What if, as I suspect, all this deconstruction/reconstruction of people’s faith, this progressing/progressive/emerging church movement is actually the revival a lot of earnest evangelicals have been praying for, but because it doesn’t fit their expectations, they can’t (or don’t want to?) see it for what it is?

We, in the evangelical church, desperately need to rethink our theology - unless we do, the ‘slide’ into irrelevance and obscurity will continue (if it doesn’t accelerate). People are turned off by the gospel as it is usually preached - nowadays it’s probably better at making atheists than converts. That gospel is based, as we have begun to see above, on quite shaky biblical foundations; a far more attractive, far more Christlike, gospel is out there, just waiting for us to realise and to adopt it as our own.

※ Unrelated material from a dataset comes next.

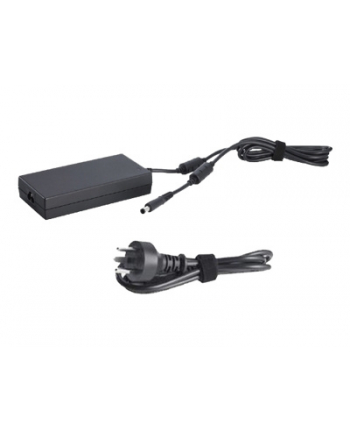 DELL POWER SUPPLY AND POWER CORD (450ABJR)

“We were learning at last that it’s the “kindness of God that leads to repentance” (Rom. 2:4), and that it is only “the grace of God that teaches us to say no to ungodliness” (Titus 2:11-12).

What the church at large needed more than anything - and what the world was more than ready for - is a More Christlike God and, by extension, a More Christlike Church (because we mimic what we worship).” From ‘A More Christlike God’ by Brad Jersak

That gospel truly is good news for everyone.